Indeed, it does. This book is chock-full of information. So much so, in fact, I’d characterize this book as a “concentrated tome.” I actually couldn’t read the book with other people making noise around me. There was such a sheer amount of information
to take in! This is not mindless reading; I learned a lot reading this book. Full of facts, figures, cultural history, and research, a book like this could read flat, like a textbook, even. However, Maya does a great job of weaving parent interviews, her own personal stories, and even parenting tips at the end of each section into the related facts and research. This way, she was able to relate the covered content to the reader in such a way that the book ended up being not only educational, but compelling, interesting, and most definitely, enjoyable!
Maya? You Rock. Here’s One Big Reason Why.

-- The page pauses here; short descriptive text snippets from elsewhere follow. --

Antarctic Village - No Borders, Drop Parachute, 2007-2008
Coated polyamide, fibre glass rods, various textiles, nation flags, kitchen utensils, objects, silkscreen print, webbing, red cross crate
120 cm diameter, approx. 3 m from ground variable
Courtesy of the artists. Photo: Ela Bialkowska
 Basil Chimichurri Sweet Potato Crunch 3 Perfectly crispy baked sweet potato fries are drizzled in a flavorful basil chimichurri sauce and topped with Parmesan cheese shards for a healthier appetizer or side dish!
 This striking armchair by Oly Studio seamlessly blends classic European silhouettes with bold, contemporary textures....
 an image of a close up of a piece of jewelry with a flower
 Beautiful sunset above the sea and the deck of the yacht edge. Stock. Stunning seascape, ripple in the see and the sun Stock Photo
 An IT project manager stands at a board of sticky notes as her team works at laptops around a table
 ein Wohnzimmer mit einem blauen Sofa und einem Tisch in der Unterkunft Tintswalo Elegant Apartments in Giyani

Maya Thiagarajan has done something that seems so simple, yet is probably one of the most difficult challenges as a parenting and education book writer in the modern era. What could that be, you ask? Well folks, after a solid decade as a parent, I have noticed that when it comes to the topics of parenting and educating children, there are many folks out there with VERY strong opinions about the “right” and “wrong” way to do both of those things. Often, these opinions can be both rigid and uncompromising. Of course, usually the more rigid and uncompromising one is toward a subject, the more apt one’s desire typically is to spread their seeds of “knowledge” onto the planter-heads of other, more open-minded folks.
Most of those “all-knowing” peeps end up…. writing parenting books, of course. Because having an ISBN means that an author is a true expert on their topic and their words are gospel, right?

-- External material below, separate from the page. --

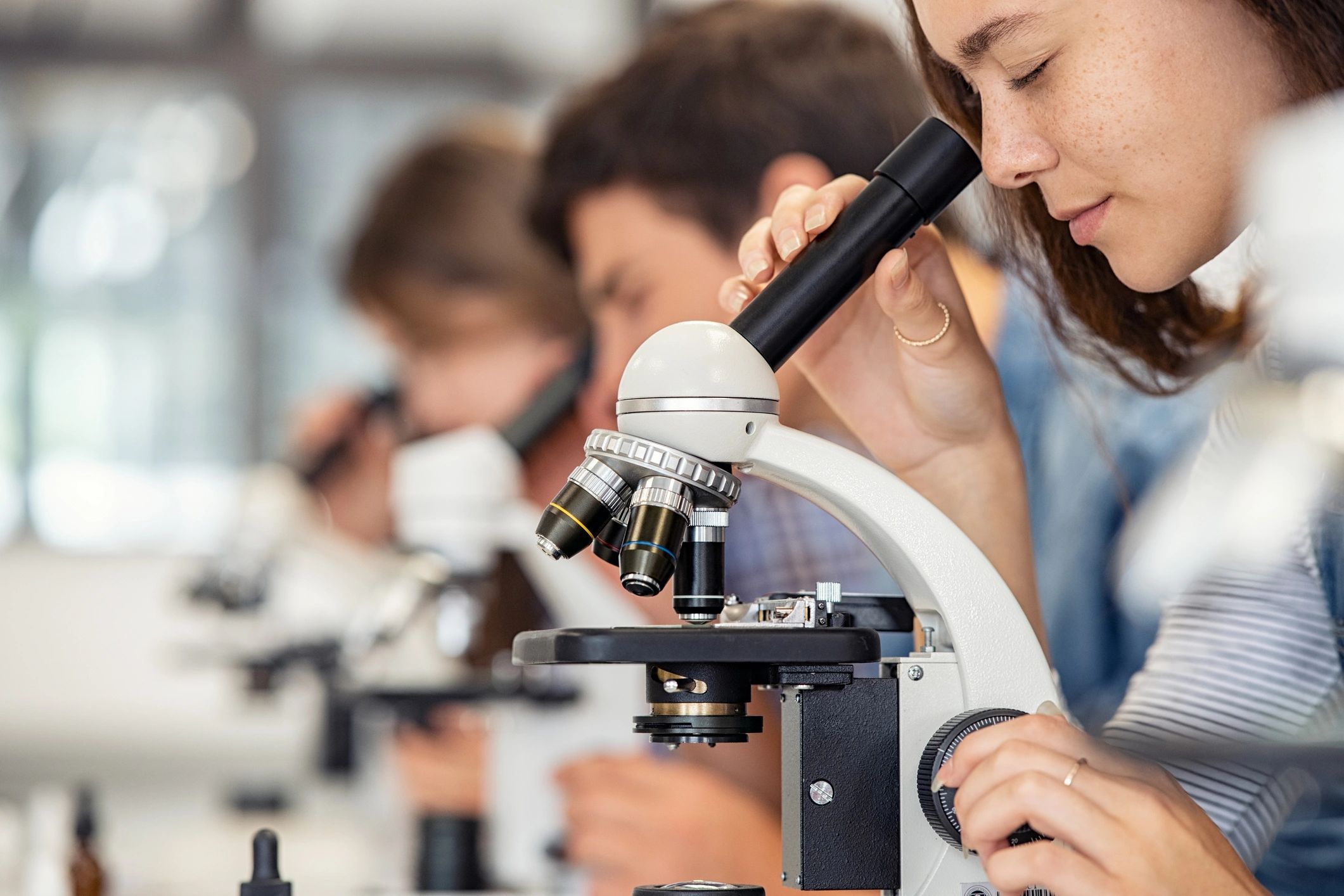 Student looking into microscope eyepiece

Maya Thiagarajan, a Singaporean parent who was raised in India and lived in the USA for a time, does not come off that way. She doesn’t judge, or guilt, or point fingers at parenting philosophies that differ from hers. I did not feel like a failure or a horribly lazy Western mother after finishing her book. Instead, I felt empowered.
Maya Thiagarajan: No judgements needed when you know what the hell you are talking about.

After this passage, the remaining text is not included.